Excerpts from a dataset
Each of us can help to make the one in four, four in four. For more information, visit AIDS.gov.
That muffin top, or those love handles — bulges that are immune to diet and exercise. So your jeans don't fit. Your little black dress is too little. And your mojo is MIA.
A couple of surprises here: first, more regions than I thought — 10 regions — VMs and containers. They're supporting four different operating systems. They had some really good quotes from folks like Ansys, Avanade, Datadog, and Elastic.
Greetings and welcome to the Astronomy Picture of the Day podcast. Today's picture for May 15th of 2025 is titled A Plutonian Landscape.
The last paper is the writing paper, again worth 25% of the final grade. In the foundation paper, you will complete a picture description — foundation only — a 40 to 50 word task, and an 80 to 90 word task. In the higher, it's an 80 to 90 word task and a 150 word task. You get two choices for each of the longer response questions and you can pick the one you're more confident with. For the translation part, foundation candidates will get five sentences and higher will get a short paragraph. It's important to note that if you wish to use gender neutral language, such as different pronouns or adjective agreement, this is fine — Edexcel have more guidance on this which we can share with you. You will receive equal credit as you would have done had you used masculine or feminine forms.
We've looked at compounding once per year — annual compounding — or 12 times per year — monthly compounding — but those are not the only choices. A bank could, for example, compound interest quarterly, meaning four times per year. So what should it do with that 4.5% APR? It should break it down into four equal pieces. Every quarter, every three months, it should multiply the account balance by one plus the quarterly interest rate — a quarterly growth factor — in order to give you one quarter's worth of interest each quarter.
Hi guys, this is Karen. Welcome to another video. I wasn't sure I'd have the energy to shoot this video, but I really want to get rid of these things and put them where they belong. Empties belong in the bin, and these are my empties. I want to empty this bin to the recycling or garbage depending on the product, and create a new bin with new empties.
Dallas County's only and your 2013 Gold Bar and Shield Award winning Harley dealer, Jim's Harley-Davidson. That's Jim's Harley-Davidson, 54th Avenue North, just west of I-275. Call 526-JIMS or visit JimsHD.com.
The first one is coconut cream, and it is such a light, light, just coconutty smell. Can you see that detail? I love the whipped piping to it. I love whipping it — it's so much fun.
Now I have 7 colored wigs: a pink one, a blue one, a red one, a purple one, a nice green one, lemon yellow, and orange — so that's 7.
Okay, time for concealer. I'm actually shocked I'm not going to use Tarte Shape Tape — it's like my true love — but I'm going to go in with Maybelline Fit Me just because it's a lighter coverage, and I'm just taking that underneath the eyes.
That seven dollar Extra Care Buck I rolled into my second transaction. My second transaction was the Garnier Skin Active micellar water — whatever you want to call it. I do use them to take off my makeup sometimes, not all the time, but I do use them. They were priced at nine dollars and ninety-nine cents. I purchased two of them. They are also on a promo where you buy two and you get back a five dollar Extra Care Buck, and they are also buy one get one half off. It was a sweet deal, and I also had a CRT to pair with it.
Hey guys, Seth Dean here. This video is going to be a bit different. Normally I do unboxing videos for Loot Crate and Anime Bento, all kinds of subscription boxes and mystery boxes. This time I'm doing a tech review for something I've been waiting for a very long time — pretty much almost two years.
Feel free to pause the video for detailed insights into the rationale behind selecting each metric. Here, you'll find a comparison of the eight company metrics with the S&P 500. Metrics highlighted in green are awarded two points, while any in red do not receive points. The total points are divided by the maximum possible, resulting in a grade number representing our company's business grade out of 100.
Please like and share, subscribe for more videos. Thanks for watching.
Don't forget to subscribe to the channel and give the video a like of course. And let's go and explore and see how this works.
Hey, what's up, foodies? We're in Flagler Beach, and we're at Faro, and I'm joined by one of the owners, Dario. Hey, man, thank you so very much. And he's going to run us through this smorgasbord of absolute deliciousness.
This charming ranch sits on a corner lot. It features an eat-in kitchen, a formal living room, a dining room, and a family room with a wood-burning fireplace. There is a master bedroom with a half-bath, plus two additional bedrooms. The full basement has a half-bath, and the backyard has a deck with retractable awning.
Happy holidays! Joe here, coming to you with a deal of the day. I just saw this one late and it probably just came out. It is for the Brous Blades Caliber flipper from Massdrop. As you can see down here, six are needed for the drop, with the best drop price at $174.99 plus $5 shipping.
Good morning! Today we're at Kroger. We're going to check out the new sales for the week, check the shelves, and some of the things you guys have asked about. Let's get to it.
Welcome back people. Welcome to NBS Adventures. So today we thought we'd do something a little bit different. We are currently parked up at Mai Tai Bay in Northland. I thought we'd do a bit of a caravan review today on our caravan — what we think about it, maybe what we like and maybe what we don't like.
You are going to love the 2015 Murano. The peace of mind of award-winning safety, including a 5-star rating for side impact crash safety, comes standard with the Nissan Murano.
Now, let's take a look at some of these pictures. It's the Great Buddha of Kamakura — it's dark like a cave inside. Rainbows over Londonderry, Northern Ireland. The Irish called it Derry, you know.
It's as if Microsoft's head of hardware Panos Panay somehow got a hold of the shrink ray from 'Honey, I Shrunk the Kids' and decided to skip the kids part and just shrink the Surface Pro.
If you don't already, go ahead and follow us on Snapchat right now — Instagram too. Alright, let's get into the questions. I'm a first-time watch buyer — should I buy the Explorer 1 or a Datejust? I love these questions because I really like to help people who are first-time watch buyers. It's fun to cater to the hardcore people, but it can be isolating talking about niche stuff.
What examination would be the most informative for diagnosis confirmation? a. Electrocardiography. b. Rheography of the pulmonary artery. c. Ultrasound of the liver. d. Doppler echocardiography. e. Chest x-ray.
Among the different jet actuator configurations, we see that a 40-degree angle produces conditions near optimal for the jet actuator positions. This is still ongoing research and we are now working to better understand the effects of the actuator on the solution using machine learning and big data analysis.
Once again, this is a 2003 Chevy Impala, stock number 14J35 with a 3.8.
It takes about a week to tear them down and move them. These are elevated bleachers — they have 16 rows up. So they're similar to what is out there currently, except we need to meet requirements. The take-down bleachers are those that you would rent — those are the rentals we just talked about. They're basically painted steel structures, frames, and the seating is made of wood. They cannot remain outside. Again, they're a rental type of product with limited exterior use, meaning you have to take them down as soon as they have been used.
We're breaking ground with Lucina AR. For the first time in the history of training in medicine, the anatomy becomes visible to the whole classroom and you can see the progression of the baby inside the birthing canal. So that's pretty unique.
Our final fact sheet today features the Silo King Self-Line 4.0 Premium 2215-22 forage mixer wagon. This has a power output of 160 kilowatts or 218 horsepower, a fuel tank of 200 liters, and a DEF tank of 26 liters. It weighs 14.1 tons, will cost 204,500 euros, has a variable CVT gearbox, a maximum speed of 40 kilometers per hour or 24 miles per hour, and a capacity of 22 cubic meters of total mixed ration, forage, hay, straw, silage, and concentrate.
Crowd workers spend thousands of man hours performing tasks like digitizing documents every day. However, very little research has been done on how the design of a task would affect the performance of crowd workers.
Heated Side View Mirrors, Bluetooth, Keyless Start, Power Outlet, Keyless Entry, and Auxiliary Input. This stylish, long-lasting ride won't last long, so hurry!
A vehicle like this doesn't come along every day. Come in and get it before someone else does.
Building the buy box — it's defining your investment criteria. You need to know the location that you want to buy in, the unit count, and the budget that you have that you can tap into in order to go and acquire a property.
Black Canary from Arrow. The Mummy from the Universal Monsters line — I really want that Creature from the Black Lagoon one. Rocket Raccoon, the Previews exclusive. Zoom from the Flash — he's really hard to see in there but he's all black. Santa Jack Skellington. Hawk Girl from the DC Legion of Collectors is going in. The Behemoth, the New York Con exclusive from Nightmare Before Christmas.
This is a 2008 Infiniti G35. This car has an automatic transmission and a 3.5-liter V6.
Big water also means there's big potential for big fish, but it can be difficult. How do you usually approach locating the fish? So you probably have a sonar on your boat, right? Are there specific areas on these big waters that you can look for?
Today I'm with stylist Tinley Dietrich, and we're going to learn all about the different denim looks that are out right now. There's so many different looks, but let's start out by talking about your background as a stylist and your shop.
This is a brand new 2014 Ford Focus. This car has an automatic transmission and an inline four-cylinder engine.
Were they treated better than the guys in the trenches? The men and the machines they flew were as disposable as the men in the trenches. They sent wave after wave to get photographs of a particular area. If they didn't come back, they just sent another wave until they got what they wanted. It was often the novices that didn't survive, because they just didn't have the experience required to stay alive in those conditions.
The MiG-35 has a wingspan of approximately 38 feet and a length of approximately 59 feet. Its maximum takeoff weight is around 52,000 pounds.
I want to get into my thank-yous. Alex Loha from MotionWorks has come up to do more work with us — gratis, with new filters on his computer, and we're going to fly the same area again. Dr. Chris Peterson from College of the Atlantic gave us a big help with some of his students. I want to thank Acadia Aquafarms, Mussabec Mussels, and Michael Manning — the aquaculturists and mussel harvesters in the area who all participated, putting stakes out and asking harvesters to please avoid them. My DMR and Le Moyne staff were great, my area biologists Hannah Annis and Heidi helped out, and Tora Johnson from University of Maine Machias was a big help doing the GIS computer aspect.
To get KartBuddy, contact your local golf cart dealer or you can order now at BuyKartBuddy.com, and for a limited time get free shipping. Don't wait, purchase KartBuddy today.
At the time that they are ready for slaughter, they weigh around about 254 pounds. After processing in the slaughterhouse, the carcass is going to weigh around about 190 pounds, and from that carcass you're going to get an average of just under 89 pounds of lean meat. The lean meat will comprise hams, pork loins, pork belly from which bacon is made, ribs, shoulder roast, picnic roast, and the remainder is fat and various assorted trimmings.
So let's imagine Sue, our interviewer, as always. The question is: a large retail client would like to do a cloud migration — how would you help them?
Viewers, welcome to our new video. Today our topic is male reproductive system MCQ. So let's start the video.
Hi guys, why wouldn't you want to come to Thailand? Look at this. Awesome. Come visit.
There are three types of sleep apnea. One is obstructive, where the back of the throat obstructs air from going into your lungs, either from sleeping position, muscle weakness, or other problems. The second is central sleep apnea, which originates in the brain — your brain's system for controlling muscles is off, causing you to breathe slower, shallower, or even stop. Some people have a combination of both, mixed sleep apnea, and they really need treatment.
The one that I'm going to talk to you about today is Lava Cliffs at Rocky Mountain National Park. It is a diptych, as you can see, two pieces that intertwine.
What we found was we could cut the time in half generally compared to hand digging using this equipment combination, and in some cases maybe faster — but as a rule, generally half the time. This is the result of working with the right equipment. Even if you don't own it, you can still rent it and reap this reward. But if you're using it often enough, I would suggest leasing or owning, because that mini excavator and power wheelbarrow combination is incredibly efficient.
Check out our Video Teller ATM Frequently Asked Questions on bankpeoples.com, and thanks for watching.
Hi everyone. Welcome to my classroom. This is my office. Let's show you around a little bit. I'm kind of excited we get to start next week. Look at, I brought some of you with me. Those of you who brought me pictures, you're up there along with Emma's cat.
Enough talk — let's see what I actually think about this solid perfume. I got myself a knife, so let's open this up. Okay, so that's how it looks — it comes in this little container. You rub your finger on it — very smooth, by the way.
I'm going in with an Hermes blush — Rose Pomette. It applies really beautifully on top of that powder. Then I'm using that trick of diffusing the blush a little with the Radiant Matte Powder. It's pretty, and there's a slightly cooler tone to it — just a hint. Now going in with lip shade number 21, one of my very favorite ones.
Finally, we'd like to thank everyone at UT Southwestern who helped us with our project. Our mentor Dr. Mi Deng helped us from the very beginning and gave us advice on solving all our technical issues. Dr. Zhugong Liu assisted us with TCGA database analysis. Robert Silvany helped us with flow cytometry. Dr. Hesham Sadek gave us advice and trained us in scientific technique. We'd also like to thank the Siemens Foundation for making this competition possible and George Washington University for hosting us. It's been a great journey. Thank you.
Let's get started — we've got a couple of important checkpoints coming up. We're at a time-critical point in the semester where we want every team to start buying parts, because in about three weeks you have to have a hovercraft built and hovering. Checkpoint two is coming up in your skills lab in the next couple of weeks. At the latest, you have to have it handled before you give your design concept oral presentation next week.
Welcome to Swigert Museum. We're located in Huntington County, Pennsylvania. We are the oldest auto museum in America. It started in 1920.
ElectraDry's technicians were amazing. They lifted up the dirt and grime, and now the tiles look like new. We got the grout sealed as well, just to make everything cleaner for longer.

== Task prompt ==
As the answer, set down only the lines from the data above between the one holding "Now, let's take" and the one holding "Once again, this", inclusive, exactly as they read.

== Written solution ==
Now, let's take a look at some of these pictures. It's the Great Buddha of Kamakura — it's dark like a cave inside. Rainbows over Londonderry, Northern Ireland. The Irish called it Derry, you know.
It's as if Microsoft's head of hardware Panos Panay somehow got a hold of the shrink ray from 'Honey, I Shrunk the Kids' and decided to skip the kids part and just shrink the Surface Pro.
If you don't already, go ahead and follow us on Snapchat right now — Instagram too. Alright, let's get into the questions. I'm a first-time watch buyer — should I buy the Explorer 1 or a Datejust? I love these questions because I really like to help people who are first-time watch buyers. It's fun to cater to the hardcore people, but it can be isolating talking about niche stuff.
What examination would be the most informative for diagnosis confirmation? a. Electrocardiography. b. Rheography of the pulmonary artery. c. Ultrasound of the liver. d. Doppler echocardiography. e. Chest x-ray.
Among the different jet actuator configurations, we see that a 40-degree angle produces conditions near optimal for the jet actuator positions. This is still ongoing research and we are now working to better understand the effects of the actuator on the solution using machine learning and big data analysis.
Once again, this is a 2003 Chevy Impala, stock number 14J35 with a 3.8.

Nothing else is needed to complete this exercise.